La strada era lunga e perigliosa, e dunque lungo il tragitto mi si sono misteriosamente impigliati nella carta di credito:

  • 2 paia di scarpe
  • 1 set di posate
  • 1 nuovo epilatore
  • 1 nuova ombrella leoparda (quella vecchia è stata uccisa ieri dal vento)
  • 1 libro di Barbapapà per Nipote

Finalmente giunta in farmacia, la dottoressa mi ha appioppato le gocce per l’orecchio.

Dopo attento studio del bugiardino sorge il primo, gravissimo dubbio: ma come si fa a contare le gocce che scendono nell’orecchio? Io mica me lo vedo, l’orecchio.

Soluzione: le gocce che scendono nell’orecchio si sentono. Moltissimo. Fanno un odioso, inquietante “splòccc” e poi ti riempiono l’orecchio di liquido come quando sbagli a lavarti i capelli.

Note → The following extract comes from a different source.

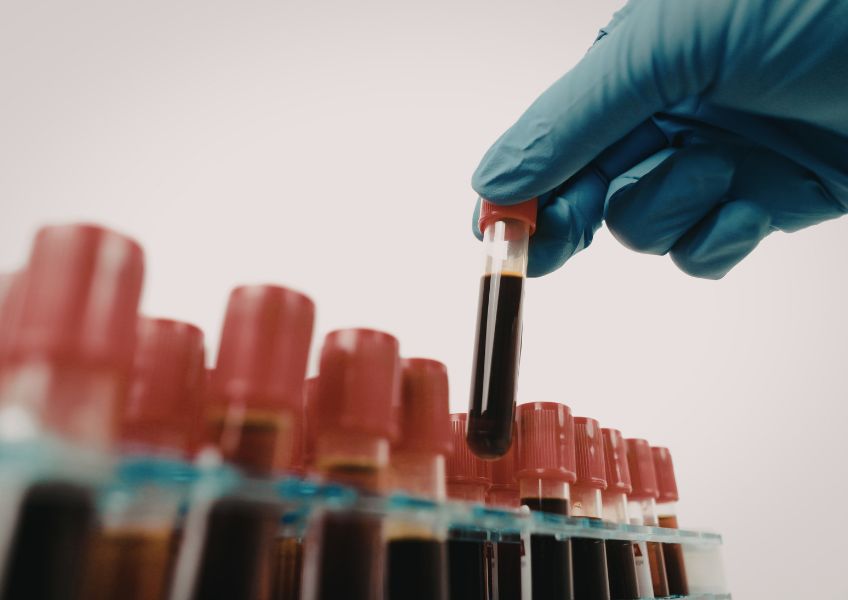 Mão com luva de borracha peando tudo de exame de sangue para analisar os marcadores laboratoriais.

Seconda scoperta: ho le orecchie piccoline come quelle dei bimbi, perché la dose da grande non ci sta, trabocca all’esterno, untuosa e schifosa.

Ma soprattutto, ho scoperto il fattore di successo di questo miracoloso farmaco: è talmente fastidioso che alla seconda somministrazione i bimbi urlano “Nooooo mamma, sono guarito, non mi fa più male, non mettermene più”.